Search code examples
node.jsarchitecturemicroservices

What's the right way to gather data from different microservices?


I'm having a problem understanding how basic communication between microservices should be made and I haven't been able to find a good solution or standard way to do this in the other questions. Let's use this basic example.

enter image description here

I have an invoice service that return invoices, every invoice will contain information(ids) about the user and the products. If I have a view in which I need to render the invoices for a specific user, I just make a simple request.

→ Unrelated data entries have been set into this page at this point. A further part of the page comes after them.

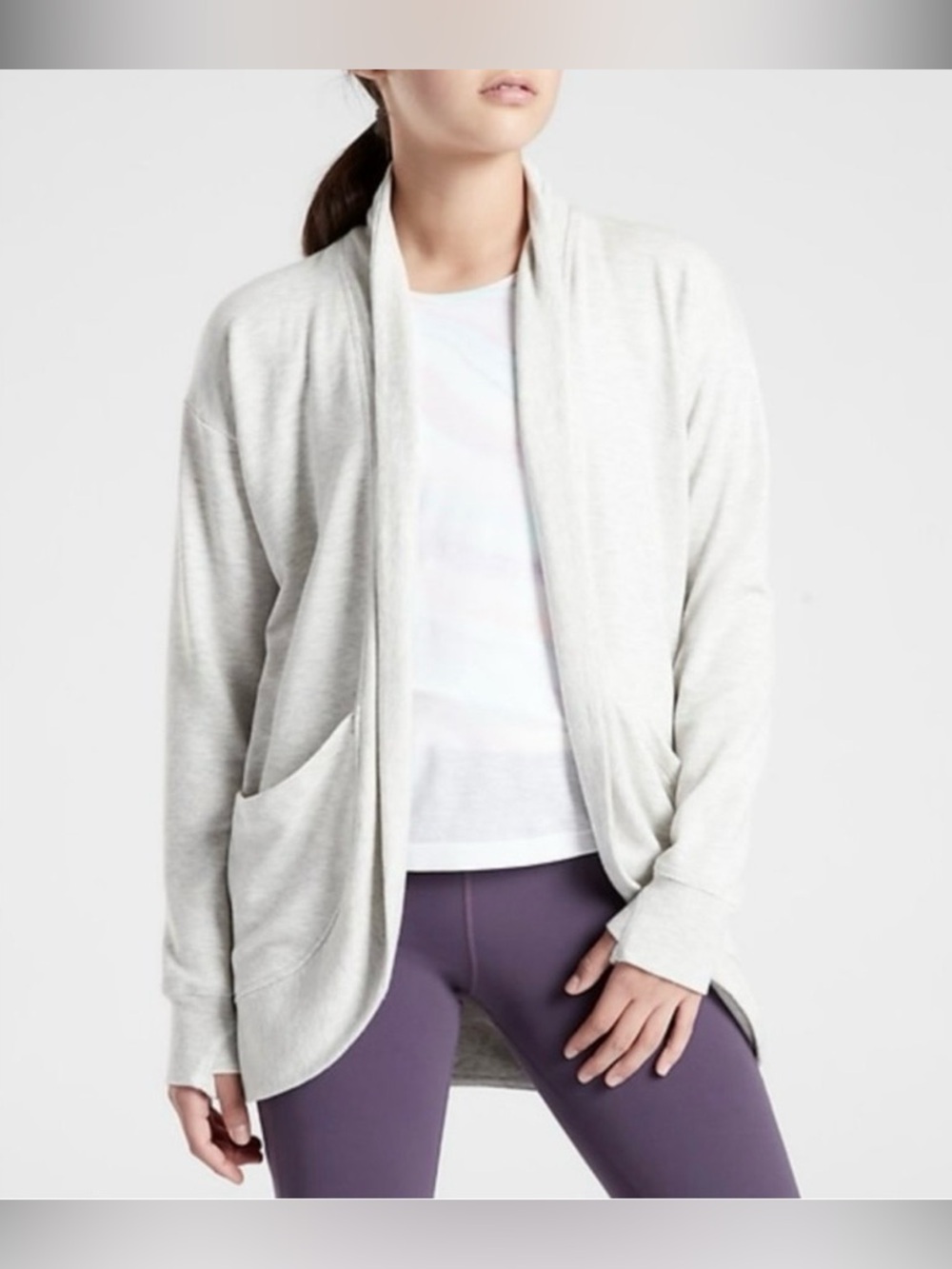 Athleta Girl Wrap n-Roll Heather Gray Sweatshirt Cardigan Girl's Size XXL (16)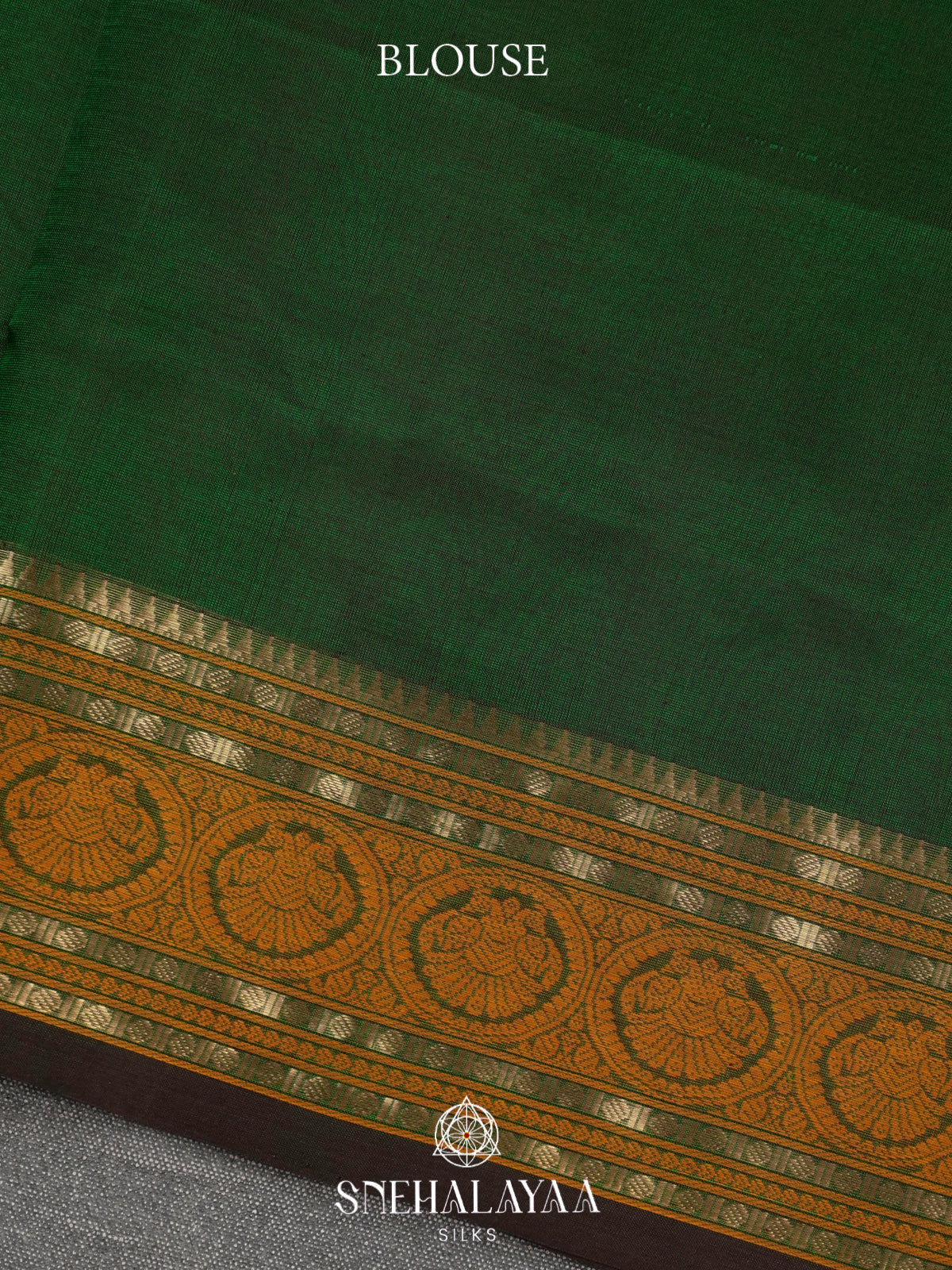 Emerald Green Kanchi Silk Cotton Saree with Mustard Orange Rudraksham Border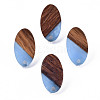 Resin & Walnut Wood Stud Earring Findings MAK-N032-005A-2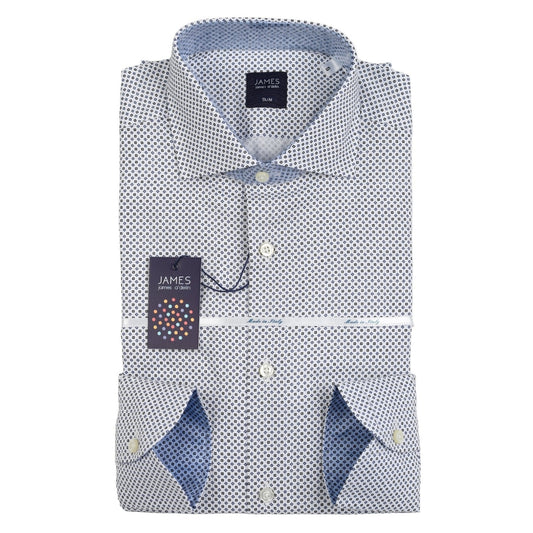 White/Navy Mens Geometric Long Sleeve Italian Shirt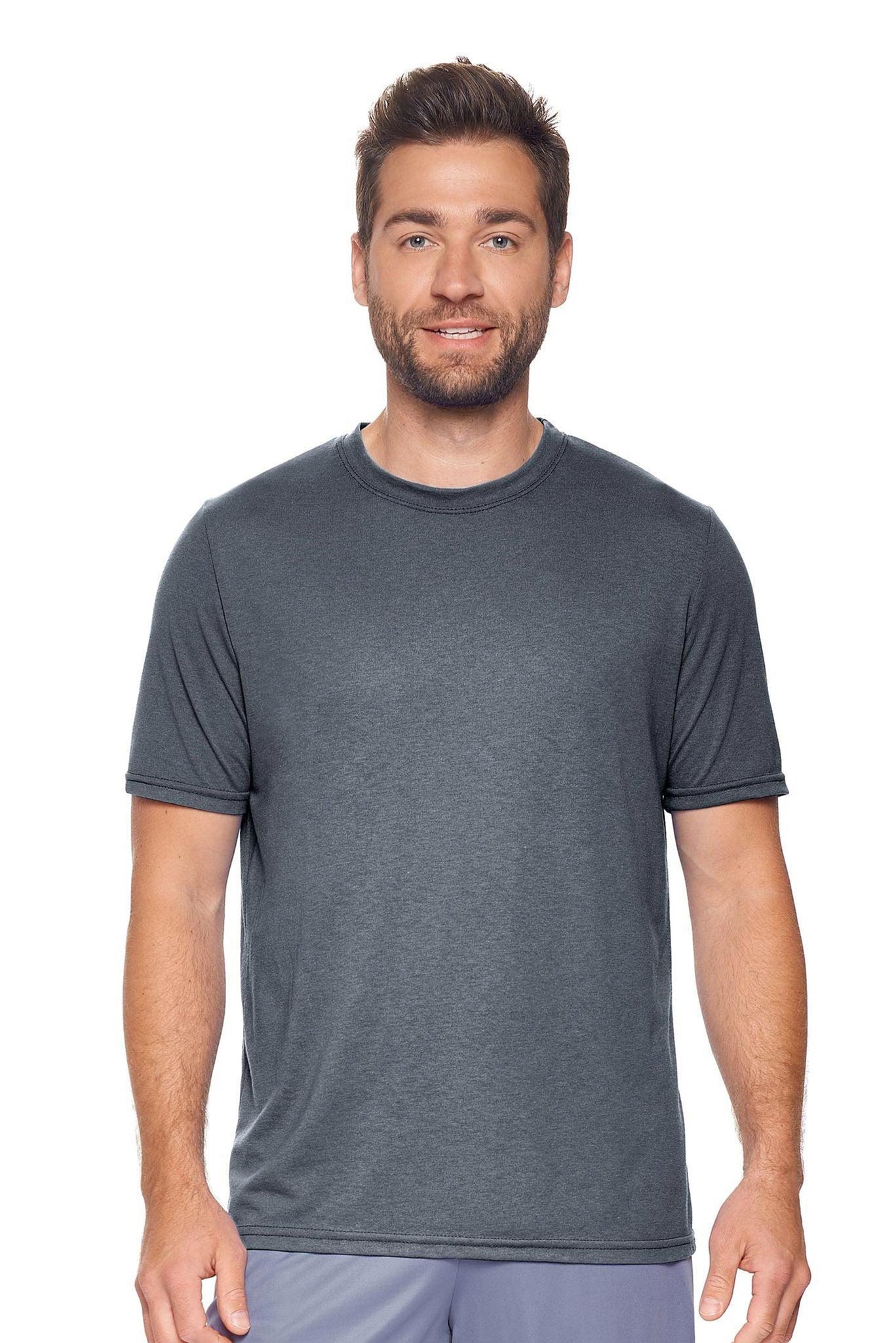 Expert Brand Wholesale Men's Unisex Performance Heather Crewneck Tee in Dark Heather Charcoal Made in USA#dark-heather-charcoal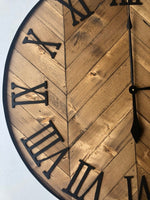 Load image into Gallery viewer, Farmhouse "Chevringbone" Clock
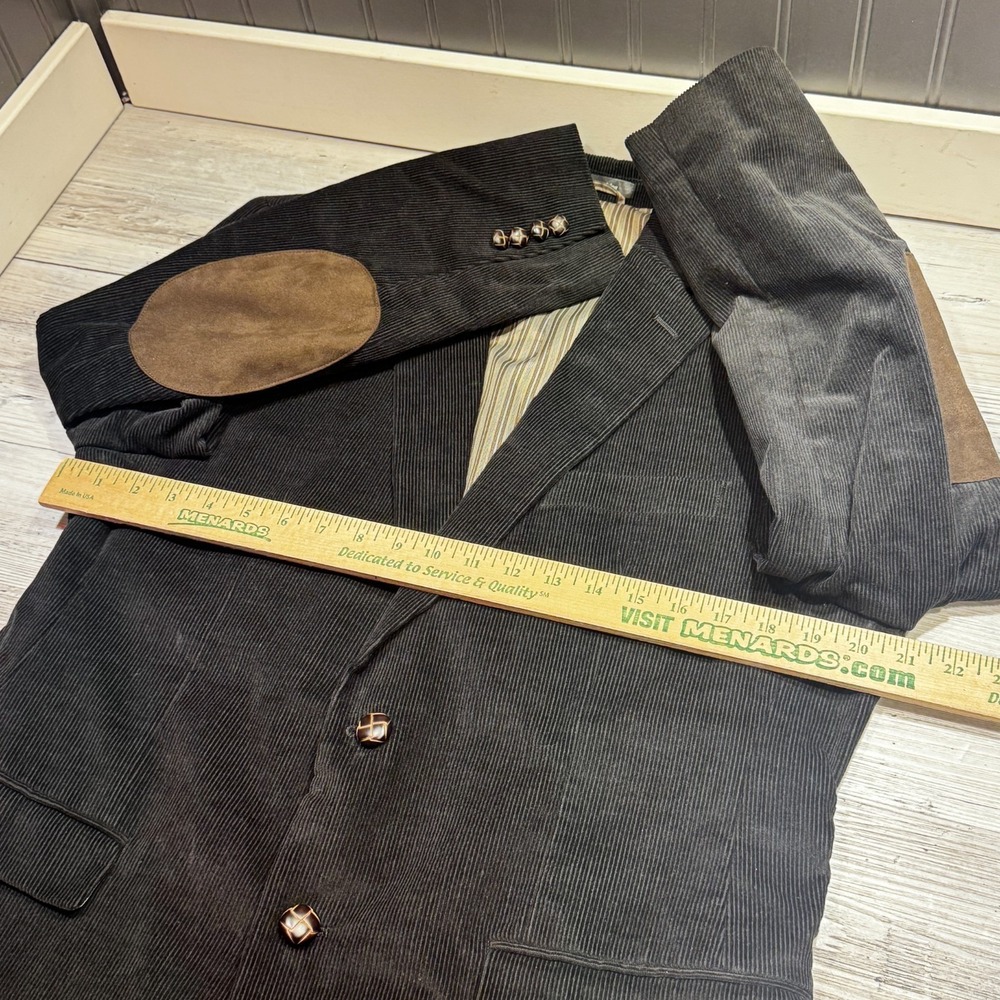 CHAPS Men's Corduroy Sport Coat Blazer Elbow Patches Black Size 40R - Picture 4 of 7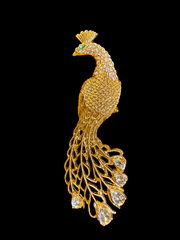 Gold-tone crystal-style peacock statement brooch front view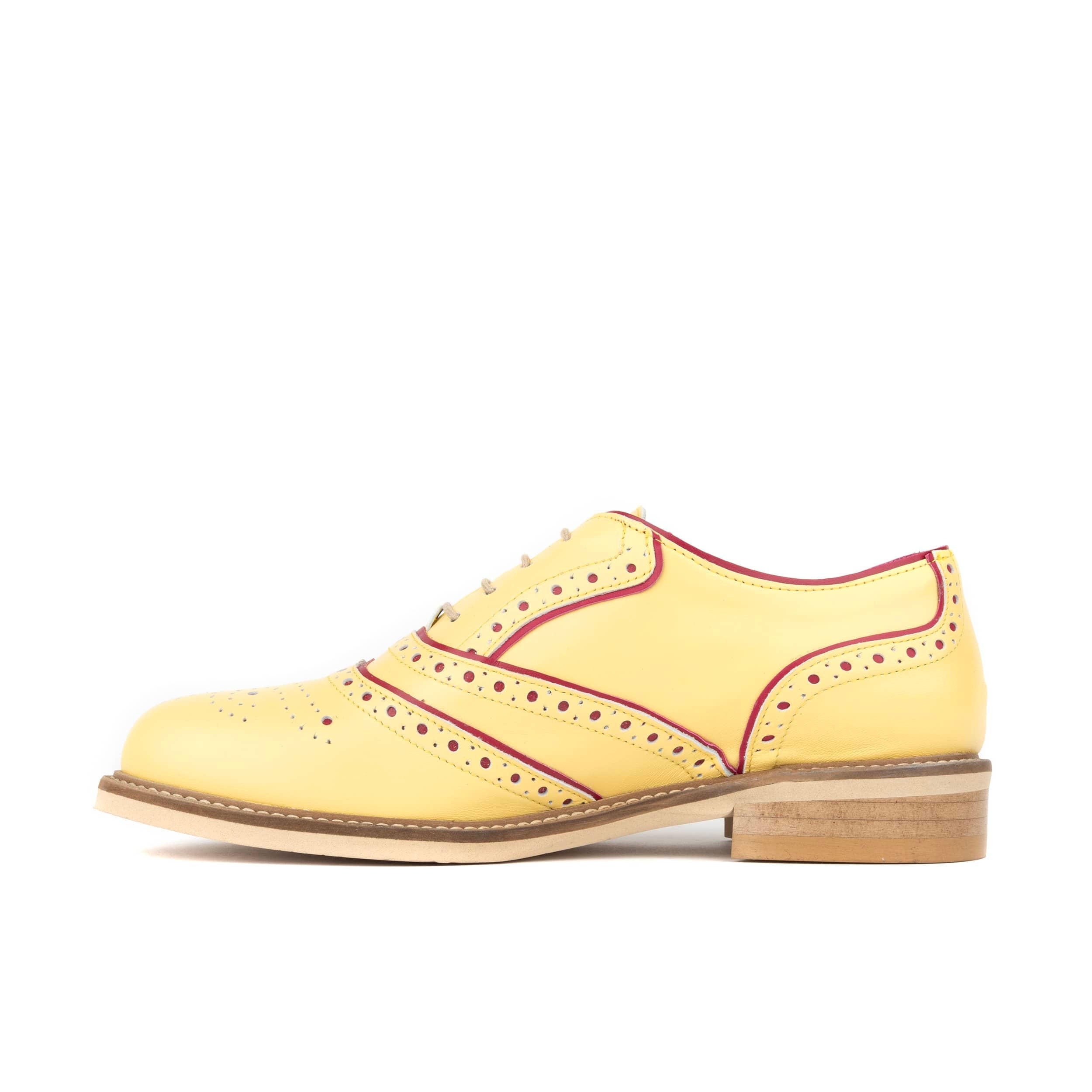Brick Lane - Pastel Yellow - Women's contrast leather lace-up brogue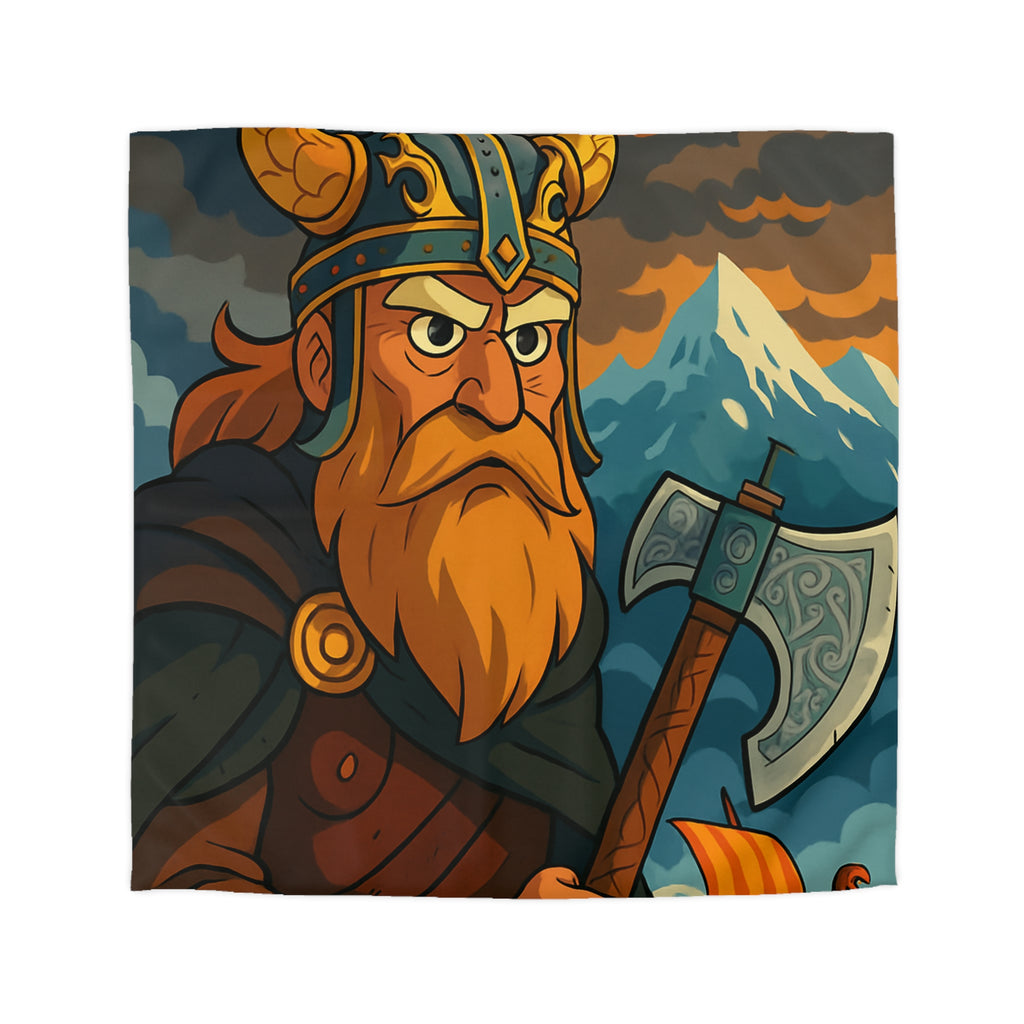 Housse de couette Viking féroce, paysage nordique et drakkar, ambiance mythique captivante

let url = "http://my-domain.com/api/v2/invoices"
let params = {userId:1}
request(url,params,(e,r)=>{
  const results = r // An array of 1000 invoices for the user 1
});

Now, for this specific view I will need to make another request to get all the details for each product on each invoice.

results.map((invoice)=>{
   invoice.items.map((itemId)=>{
      const url=`http://my-domain.com/api/v2/products/${itemId}`
      request(url,(e,r)=>{
       const product = r
       //Do something else.....
      });
   });
});

I know the code example is not perfect but you can see that this will generate a huge number of requests(at least 1000) to the product service and just for 1 user, now imagine if I have 1000 users making this kind of requests.

What is the right way to get the information off all the products without having to make this number of requests in order to avoid performance issues?.

I found some workarounds for this kind of scenarios such as:

  1. Create an API endpoint that accepts a list of IDs in order to make a single request.
  2. Duplicate the information from the Product service within the invoice service and find a way to keep them in sync.

In a microservices architecture are these the right ways to deal with this kind of issues? For me, they look like simple workarounds.

Edit #1: Based on Remus Rusanu response.

As per Remus recommendation, I decided to isolate my services and describe them a little bit better.

enter image description here

As shown in the image above the microservices are now isolated(in specific the Billing-service) and they now are the owners of the data. By using this structure I ensure that Billing-service is able to work even if there are async jobs or even if the other two services are down.

If I need to create a new invoice, I can call the other two microservices(Users, Inventory) synchronously and then update the data on the "cache" tables(Users, Inventory) in my billing service.

Is it also good to assume these "cache" tables are read-only? I assume they are since only the user/inventory services should be able to modify this information to preserve isolation and authority over the information.


Solution

  • You need to isolate the services as so they do not share state/data. The design in your question is a single macroservice split into 3 correlated storage silos. Case in point, you cannot interpret a result form the 'Invoicing' service w/o correlating the data with the 'Products' response(s).

    Isolated microservices mean they own their data and they can operate independently. An invoice is complete as returned from the 'Invoices' service. It contains the product names, the customer name, every information on the invoice. All the data came from its own storage. A separate microservice could be 'Inventory', that operates all the product inventories, current stock etc. It would also have its own data, in its own storage. A 'product' can exist in both storage mediums, and there once was logical link between them (when the invoice was created), but the link is severed now. The 'Inventory' microservice can change its products (eg. remove one, add new SKUs etc) w/o affecting the existing Invoices (this is not only a microservice isolation requirement, is also a basic accounting requirement). I'm not going to enter here into details of what is a product 'identity' in real life.

    If you find yourself asking questions like you're asking it likely means you do not have microservices. You should think at your microservice boundaries while considering what happens if you replace all communication with async queued based requests (a response can come 6 days later): If the semantics break, the boundary is probably wrong. If the semantics hold, is the right track.